Show that the disjoint union topology is indeed a topology.

Solution

Let $(X_{\alpha})_{\alpha \in A}$ be an indexed family of nonempty topological spaces. Let $\mathscr{T}_{\alpha}$ be the topology on $X_{\alpha}$ for each $\alpha \in A$. Let $\mathscr{T}$ denote the disjoint union topology on $\sqcup_{\alpha \in A} X_{\alpha}$.
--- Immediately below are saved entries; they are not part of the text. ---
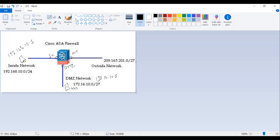The packet flow through the ASA — if you consider the packet, the source would be 192.168.10.5 and it would choose a random port, let's say 65535. The destination IP address would be 172.16.10.5 and the port number would be 443. The ingress interface for the packet would be the inside interface, and the egress interface would be the DMZ interface on the ASA.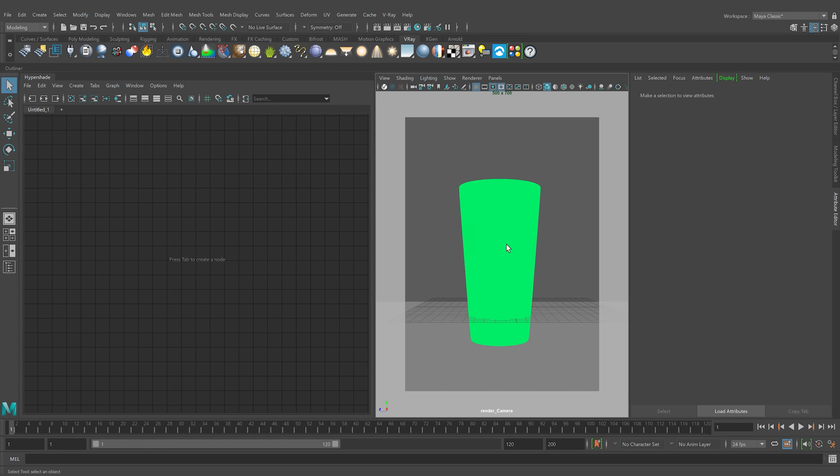Welcome to our how-to tutorials for V-Ray. In this tutorial, we show you how to create simple glass using the V-Ray material. We'll also look at how to make the glass tinted or frosted.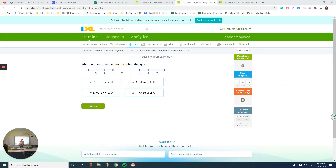Hello everyone. In this video we are going to talk about IHLK13, writing compound inequalities. Many of you have been introduced to this topic in middle school, so let's get started.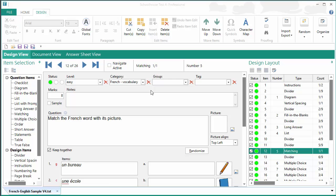Welcome to this Schoolhouse Test 4 video. In this video, I will be demonstrating how to add pictures to your test document.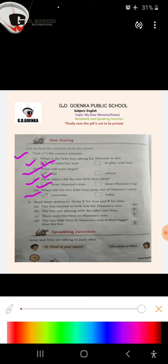Part D: When did the two little boys peep out of mama's eyes? Yesterday or today? Yesterday is the correct option.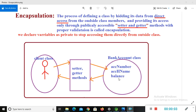Hi everyone, this is Anchal here. In this video you will learn encapsulation in Java. Encapsulation is the process of defining a class by hiding its data from direct access from outside class members and providing its access only through publicly accessible methods — that is, setter and getter methods with proper validation.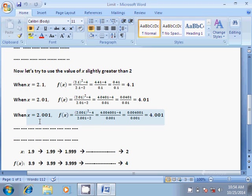Now let us take another value of x which is more closer to 2 from the right hand side on the number line, that is x equal to 2.001. Now f(x) equal to (2.001²-4)/(2.001-2), that is equal to (4.004001-4)/(0.001), which is equal to 0.004001/0.001, which is equal to 4.001, and so on.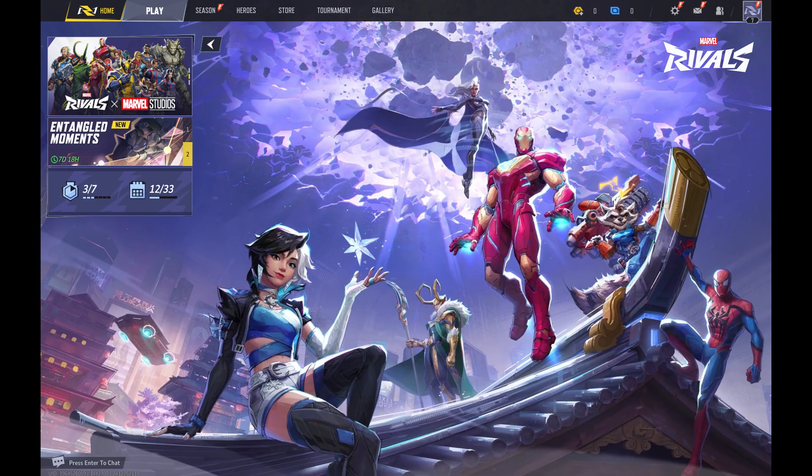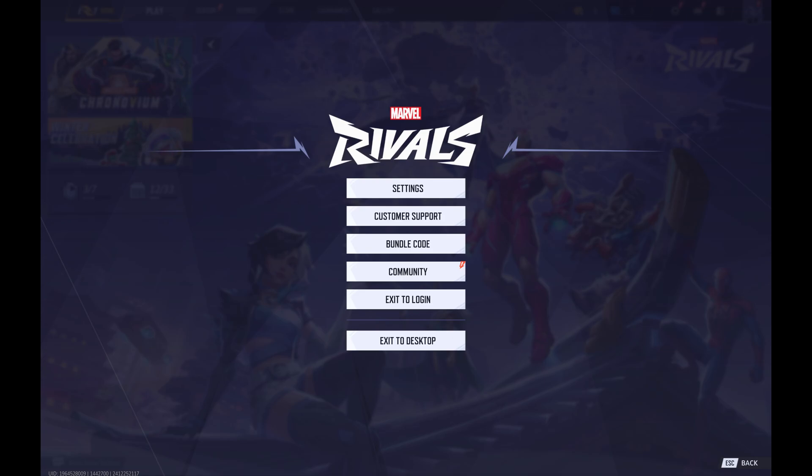Step 1: Launch Marvel Rivals on your computer or gaming console. You'll land on the Marvel Rivals home screen. Step 2: Click the settings icon in the top right corner of this screen. A menu opens. Step 3: Click settings in this menu.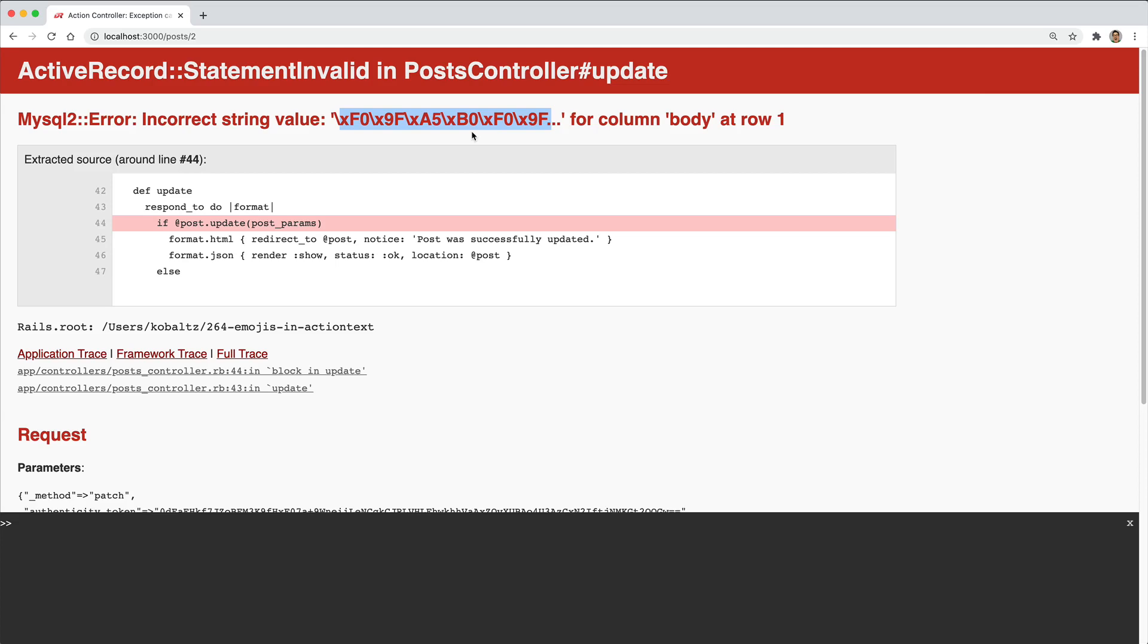And if you're creating a new Ruby on Rails application with Rails 6, then you will likely not have this issue, as the default character set is either already set to Unicode, or the UTF-8 mb4.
$\forall \alpha \in A, \emptyset \cap X_{\alpha} = \emptyset$, so $\emptyset \in \mathscr{T}$.
$\forall \alpha \in A, (\sqcup_{\alpha \in A} X_{\alpha}) \cap X_{\alpha} = X_{\alpha}$, so $(\sqcup_{\alpha \in A} X_{\alpha}) \in \mathscr{T}$.
Let $\{ U_{\beta} \} \subset \mathscr{T}$ where $B$ is the indexed set. Let $\alpha \in A$ be given. $\forall \beta, U_{\beta} \cap X_{\alpha} \in T_{\alpha}$. Then we have $(\bigcup_{\beta \in B} U_{\beta}) \cap X_{\alpha} = \bigcup_{\beta \in B} (U_{\beta} \cap X_{\alpha}) \in \mathscr{T}_{\alpha}$ since $\mathscr{T}_{\alpha}$ must be closed under arbitrary union. Since $\alpha$ was chosen arbitrarily, this implies that $\bigcup_{\beta \in B} U_{\beta} \in \mathscr{T}$.
Let $U_{\beta_1}, U_{\beta_2}, \cdots, U_{\beta_n} \in \mathscr{T}$. Let $\alpha \in A$ be given. $\forall i = 1, \cdots, n, U_{\beta_i} \cap X_{\alpha} \in T_{\alpha}$. Then we have $(\bigcap_{i=1}^n U_{\beta_i}) \cap X_{\alpha} = \bigcap_{i=1}^n (U_{\beta_i} \cap X_{\alpha}) \in \mathscr{T}_{\alpha}$ since $\mathscr{T}_{\alpha}$ must be closed under finite intersection. Since $\alpha$ was chosen arbitrarily, this implies that $\bigcap_{i=1}^n U_{\beta_i} \in \mathscr{T}$.

Therefore, $\mathcal{T}$ is indeed a topology.